I've very unsure if this the right thing to do or if we should make changes to AtomicExpand to get back the original libcalls.


Patch is 958.48 KiB, truncated to 20.00 KiB below, full version: https://github.com/llvm/llvm-project/pull/77814.diff

6 Files Affected:

  • (modified) llvm/lib/Target/RISCV/RISCVISelLowering.cpp (+124-2)
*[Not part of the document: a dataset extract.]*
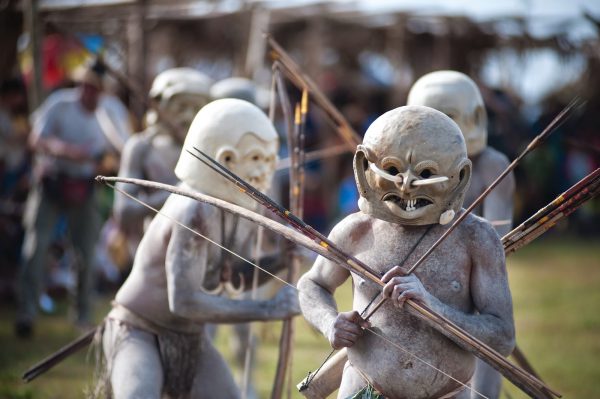 Suku Asaro Papua Nugini, Masyarakat Tradisional yang Memakai Topeng Lumpur Menakutkan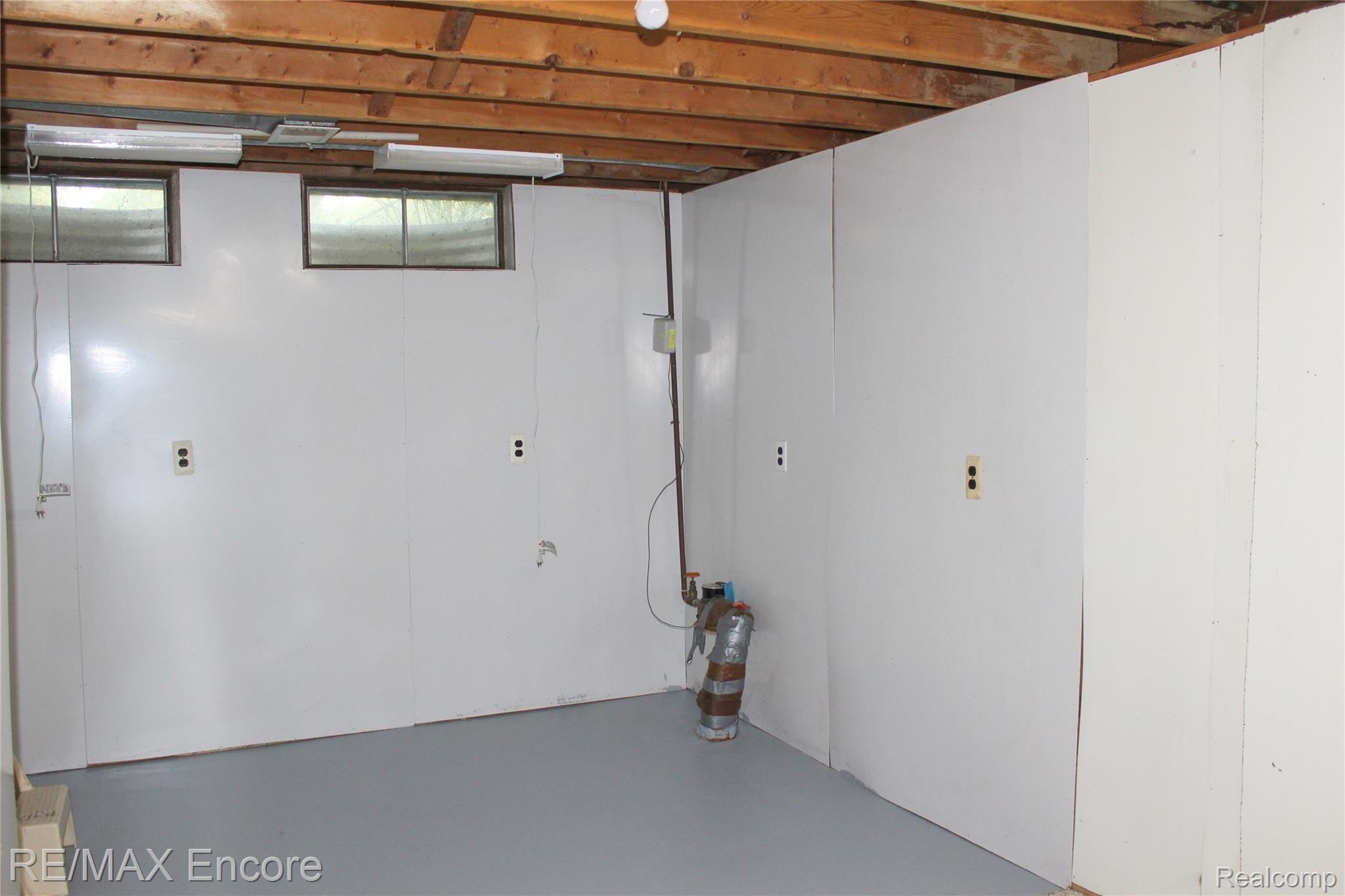 4715 Sashabaw Road Clarkston, MI 48346 - Photo 24 of 31 IMG_6115.JPG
  • (modified) llvm/lib/Target/RISCV/RISCVISelLowering.h (+5-3)
  • (modified) llvm/lib/Target/RISCV/RISCVRegisterInfo.cpp (+3-2)
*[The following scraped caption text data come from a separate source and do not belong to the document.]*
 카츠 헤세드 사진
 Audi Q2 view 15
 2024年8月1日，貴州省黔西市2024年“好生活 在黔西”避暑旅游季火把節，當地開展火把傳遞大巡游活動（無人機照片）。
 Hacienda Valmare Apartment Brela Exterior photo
  • (modified) llvm/test/CodeGen/RISCV/atomic-cmpxchg.ll (+1857-159)
  • (modified) llvm/test/CodeGen/RISCV/atomic-load-store.ll (+1310-76)
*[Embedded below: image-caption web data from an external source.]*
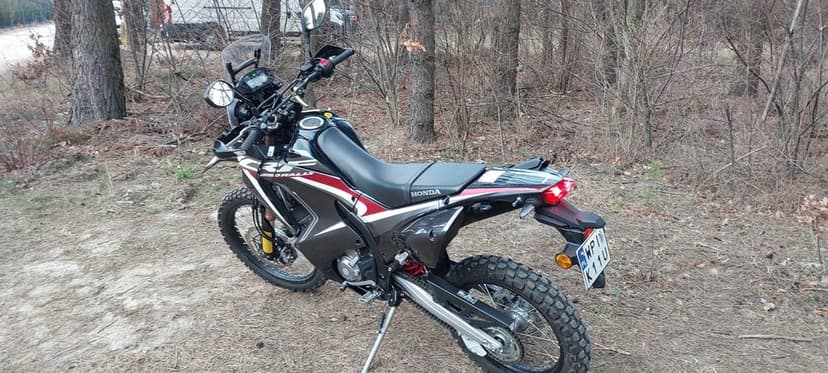 Honda CRF 250 Rally, polski salon, stan jak nowa, maluuuuutki przebieg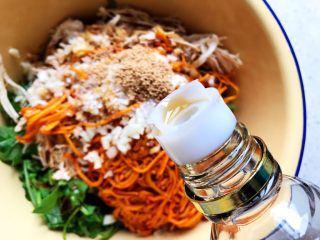 26、虫草花芝麻菜拌鸡丝,加适量香油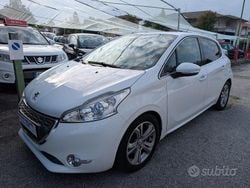 Bianco Usata 2013 Peugeot 208 Sport Due volumi | 7700 € (Buon prezzo)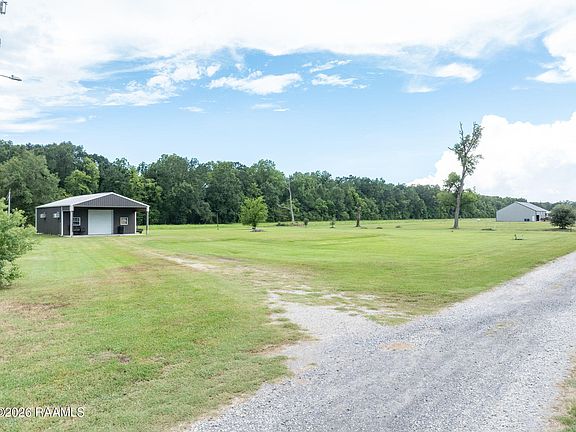 2nd image of 1061 Gloria Kern Dr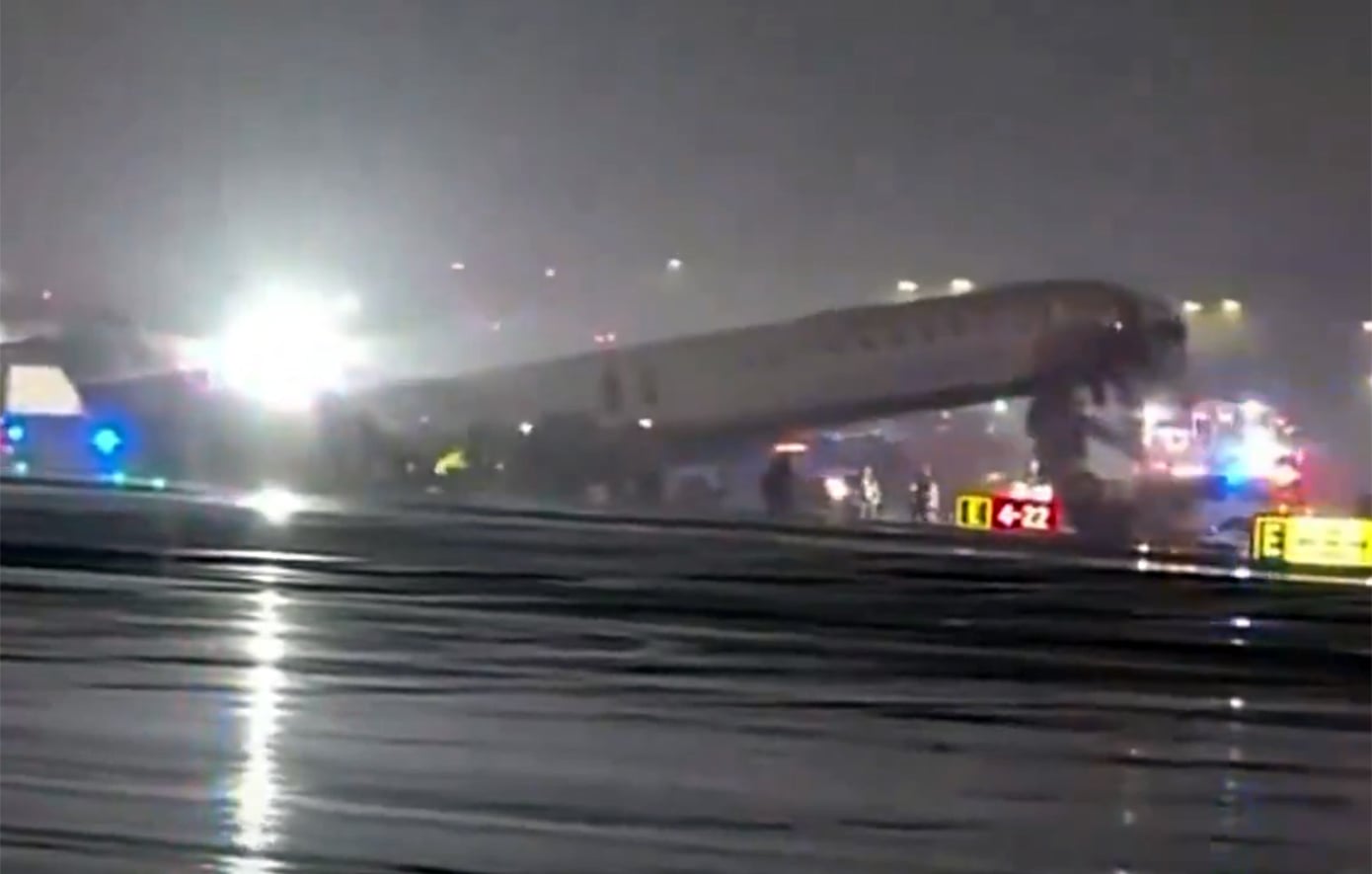 Αεροσκάφος της Air Canada Express συγκρούστηκε με όχημα στο έδαφος αμέσως μετά την προσγείωση του στη Νέα Υόρκη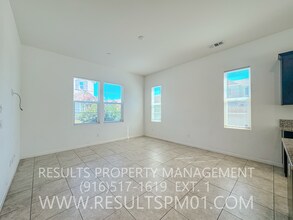 136 Lily Bay Cir in Sacramento, CA - Building Photo - Building Photo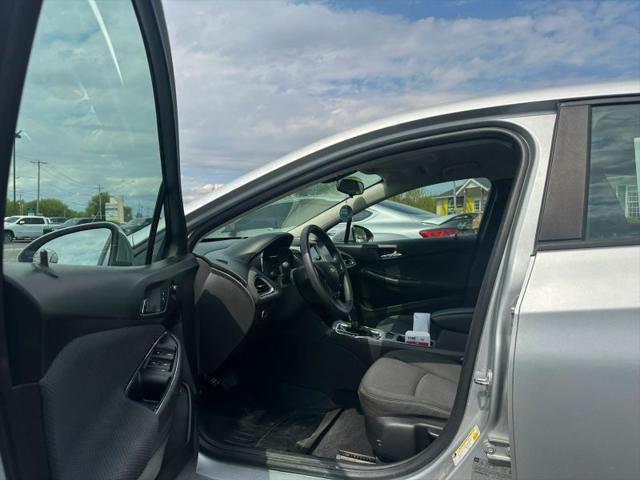 2016 Chevrolet Cruze LS Auto
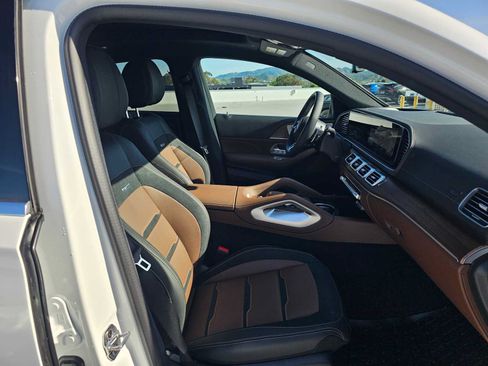 New 2026 Mercedes-Benz GLE 53 AMG 4MATIC Coupe image 10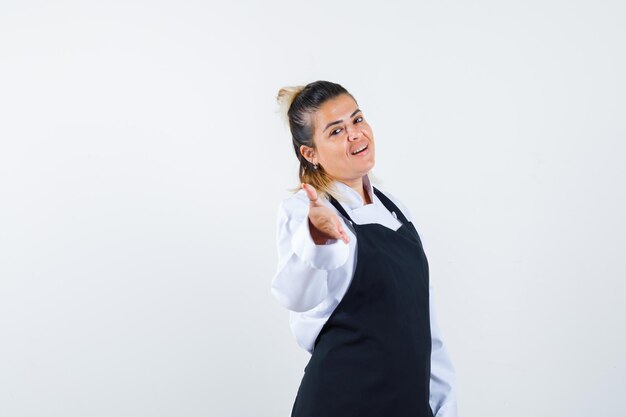 Expressive jeune fille posant en studio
  • (modified) llvm/test/CodeGen/RISCV/atomic-rmw.ll (+18245-1379)
diff --git a/llvm/lib/Target/RISCV/RISCVISelLowering.cpp b/llvm/lib/Target/RISCV/RISCVISelLowering.cpp
index cb9ffabc41236e..8ba4d65eacb760 100644
--- a/llvm/lib/Target/RISCV/RISCVISelLowering.cpp
+++ b/llvm/lib/Target/RISCV/RISCVISelLowering.cpp
@@ -629,7 +629,10 @@ RISCVTargetLowering::RISCVTargetLowering(const TargetMachine &TM,
   }
 
   if (Subtarget.hasStdExtA()) {
-    setMaxAtomicSizeInBitsSupported(Subtarget.getXLen());
+    unsigned MaxAtomicSize = Subtarget.getXLen();
+    if (Subtarget.hasStdExtZacas())
+      MaxAtomicSize = 2 * Subtarget.getXLen();
+    setMaxAtomicSizeInBitsSupported(MaxAtomicSize);
     setMinCmpXchgSizeInBits(32);
   } else if (Subtarget.hasForcedAtomics()) {
     setMaxAtomicSizeInBitsSupported(Subtarget.getXLen());
@@ -1338,6 +1341,9 @@ RISCVTargetLowering::RISCVTargetLowering(const TargetMachine &TM,
     setOperationAction(ISD::ATOMIC_LOAD_SUB, XLenVT, Expand);
     if (RV64LegalI32 && Subtarget.is64Bit())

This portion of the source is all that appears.